> [Supplied material]:
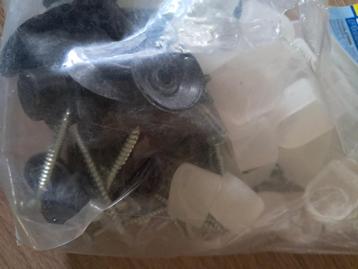 scala plastics rosette et cap + vis + point d'appui beschikbaar voor biedingen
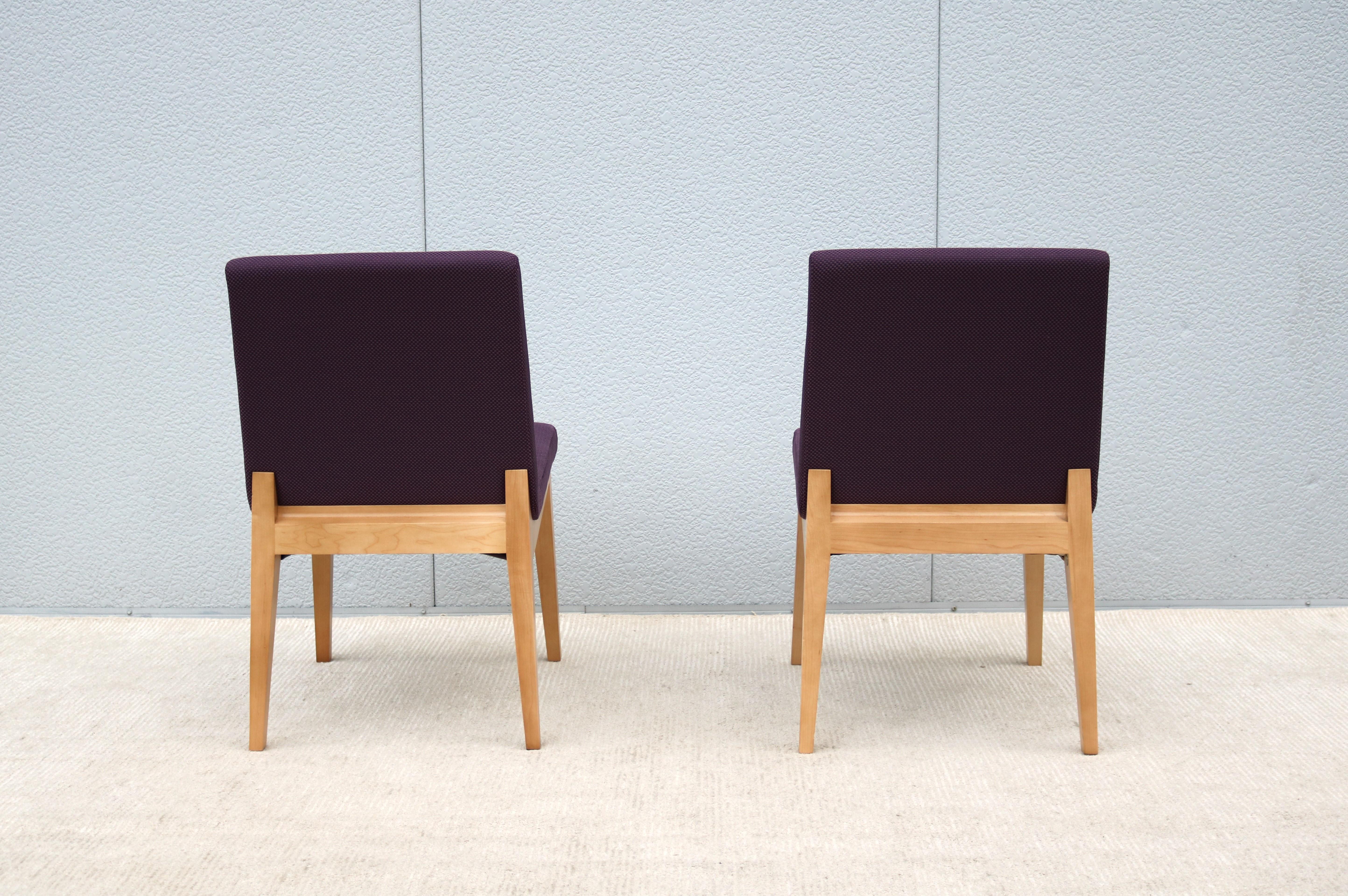 Contemporary David Mocarski für Gunlocke Tia Side Guest Chairs Brandneu, ein Paar im Angebot 4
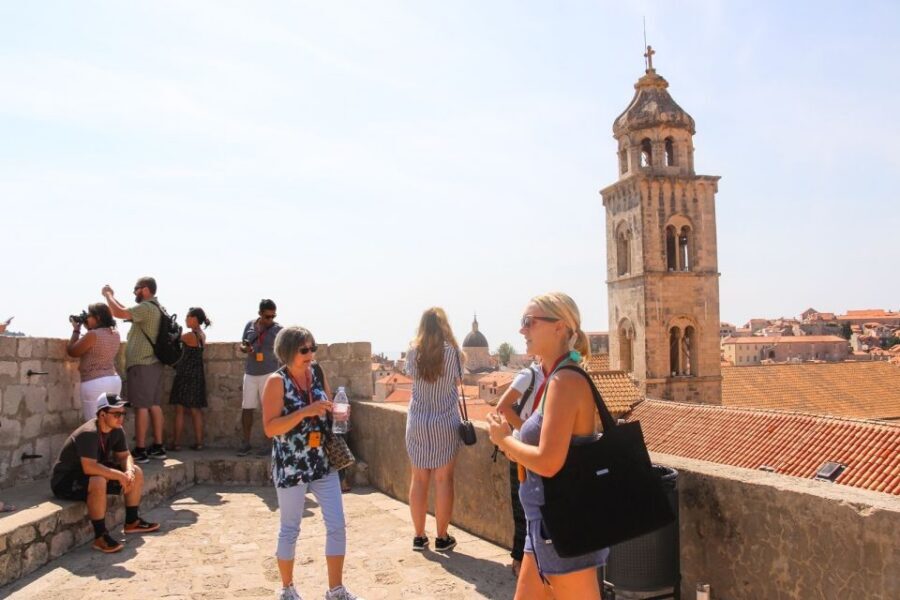 Dubrovnik City Walls Walking Tour - Guide quality: patient with photos, focused on the story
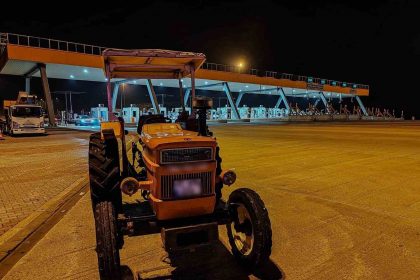 otoyolda-traktorle-seyir-halindeki-surucuye-ceza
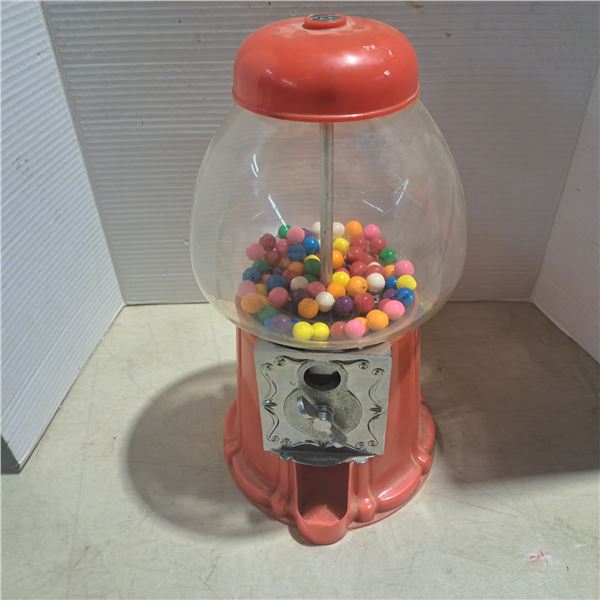 Working gumball machine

> [What is being asked]: Your copy should hold exactly the lines from the line bearing "Dubrovnik City Walls" through the end of the data, both included, and no pictures or anything further.

> [Response for this exercise]:
 Dubrovnik City Walls Walking Tour - Guide quality: patient with photos, focused on the story
 otoyolda-traktorle-seyir-halindeki-surucuye-ceza
 Working gumball machine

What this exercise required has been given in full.